People have different buying and spending habits, so they naturally have different advice for achieving financial stability. However, there are some things that everyone seems to agree on; learn how to budget, save some money for rainy days, always pay your debts, and maintain a good credit score.
While the benefits of the first three are readily apparent, it is not always clear why having a good credit score is essential in keeping a healthy wallet. Here are some of the ways your score affects your financial standing:
It can affect your chances of landing a job
Employers conduct credit checks as part of the hiring process today.
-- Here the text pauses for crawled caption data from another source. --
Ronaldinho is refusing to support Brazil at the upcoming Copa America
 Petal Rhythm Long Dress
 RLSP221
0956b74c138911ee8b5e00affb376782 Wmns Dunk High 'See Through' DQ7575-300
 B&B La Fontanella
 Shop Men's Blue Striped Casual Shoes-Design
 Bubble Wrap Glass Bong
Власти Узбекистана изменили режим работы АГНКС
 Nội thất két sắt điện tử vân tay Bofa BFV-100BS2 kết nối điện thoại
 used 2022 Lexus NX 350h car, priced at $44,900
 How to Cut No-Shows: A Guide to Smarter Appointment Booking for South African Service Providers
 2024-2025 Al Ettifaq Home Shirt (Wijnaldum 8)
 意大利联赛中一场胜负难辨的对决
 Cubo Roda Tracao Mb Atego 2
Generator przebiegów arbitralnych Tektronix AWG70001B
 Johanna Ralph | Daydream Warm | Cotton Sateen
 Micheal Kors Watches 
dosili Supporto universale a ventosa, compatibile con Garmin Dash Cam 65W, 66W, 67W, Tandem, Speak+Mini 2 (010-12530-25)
From the perspective of an applicant, these things might not have anything to do with how well you can perform your duties. However, employers must devise ways of filtering their pool of candidates to get to the people who are most suited for a job.
Sometimes, that means using a credit check to make informed hiring decisions. Someone who demonstrates financial responsibility will be more likely to perform job functions well. In addition, they might be even more selective for jobs that involve access to money, customer data, or company information.
This does not mean that a person with a bad credit score is lousy with cash or will take advantage of confidential data. However, the reality is that some employers use credit scores as part of their decision making.
You might not be able to rent or use your utilities
Aside from employers, landlords can look at your credit score and decide if they want you to rent their place based on what they find. You might lose out on someone looking at the same place but who has a higher credit score than you.
What’s more, if you have poor credit and financial life, you might not be able to use water and electricity. Some companies ask you to pay a large deposit as insurance.
You might not get that car or home you want
If you’re in the market for a home, you would definitely need a loan, unless you’re paying for your house in cash. Not a lot of people have that kind of money lying around, though. You need a good credit score to get the loan terms and interest rates that you prefer.
Suppose you’re alright with your living arrangements and have no plans of moving out soon. That is fine, though unwise. For instance, 2019 left more than 100,000 people in California without a home due to the wildfires in the state. That meant quickly looking for accommodations, which is easy enough for people with good credit standing.
The same is true for cars. You could have a perfectly functional car now, but you don’t know when it might break down. You would need to spend about $37,000 to get a new car. That is not a small amount of money to many people, and taking a loan for a car is often the answer. You will find it easier to secure your loan if you have a good score.
It will be hard to negotiate with financial providers
To keep your premiums low, you should improve your score. Insurance companies tend to charge higher for people with bad credit scores since they are likely to file more claims. Financial providers will also keep your credit limit low if you don’t have a good score. That can make it difficult for you to take out substantial loans in case of emergencies like sudden hospitalizations.
Getting a good credit score unlocks plenty of opportunities for you to gain better control over your finances. Aside from securing better rates for loans, a good score will probably help you get the mortgage, negotiate the credit line, and even get the job that you want.